The gift also will establish a leadership fund at the USC Price School of Public Policy supporting a fellowship in public policy with the Los Angeles County Board of Supervisors, and endow a chair in social entrepreneurship at the USC Marshall School of Business.
We're particularly intrigued by the integrative learning part of the gift, so let's loop back to that.
On the surface, the gift seems to confirm what we already know. That is, most residential colleges, by their very nature, provide a kind of integrative living environment. But the degree of integration is a relative thing.
Some colleges place students in giant high-rise apartment complexes where their interaction with other students is minimal. Others separate living spaces from the actual classrooms, creating a sense of detachment. In short, residential college students can nonetheless feel like commuters.

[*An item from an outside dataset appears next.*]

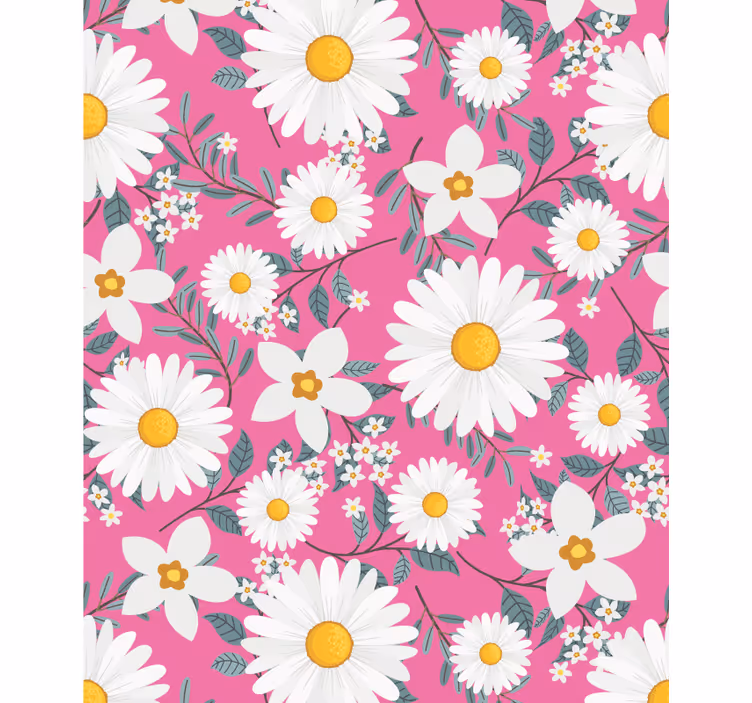Rollo mit Blumen Gänseblümchen blüht rosa Hintergrund - TenStickers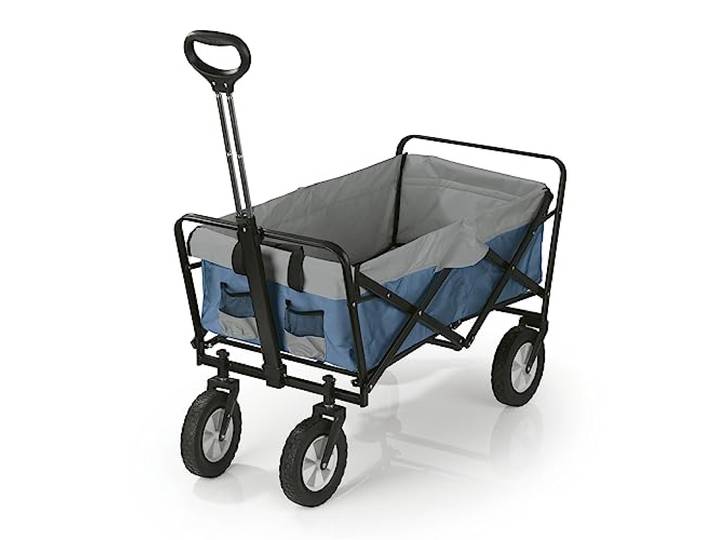 EASYmaxx Bollerwagen faltbar Klappbarer Handwagen Transportkarre bis 80 kg belastbar Kompaktes Design Ausziehbarer Griff 360° Vorderräder Für Ausflüge, Garten, Festivals [Blau/Grau]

The USC village, on the other hand, creates what could be described as a "college within a college." Located directly north of the University Park Campus, the 1.25-million-square-foot USC Village project will enhance campus life for students while opening up an array of new retail and service options for the local community when it opens in 2017.
"It’s my hope and aspiration that the Bohnett Residential College will afford USC students with a richly immersive college experience and help prepare them to be actively engaged members of the community throughout their lives," Bohnett said.
And what about Bohnett?
Well, as previously noted in our funder profile, he made his fortune in the technology sector. After turning to serious philanthropy in the late 1990s, he primarily focused on LGBT causes. Yet over time, he channeled more money towards the arts. Through the David Bohnett Foundation, he's been a major donor to the Los Angeles County Museum of Art (LACMA) and in 2014 pledged $20 million to the LA Philharmonic. He's also made an array of smaller gifts to places like the Museum of Contemporary Art and the League of American Orchestras. This major gift to USC opens yet another front in Bohnett's philanthropy.
One last point. Bohnett's campus gift also underscores the fact that, despite the democratizing promise of online and blended learning, funders still see tremendous value in a classic residential college experience. And that's a good thing. Why? Because students also see tremendous value in a classic residential college experience.
As we noted in a recent post looking at the Teagle Foundation's assessment of various blending learning efforts in the liberal arts space, Loni Bordoloi, one of the foundation's program directors, told assembled colleges: "Your students chose your institutions for a reason. They wanted, by and large, a residential liberal arts experience."
Of course, a true residential college experience may not be in the cards for every student out there, which makes blended learning an effective alternative. But Bohnett's "college with in a college" gift suggests that existing residential college experiences can be made more integrative, more impactful, and more community-oriented.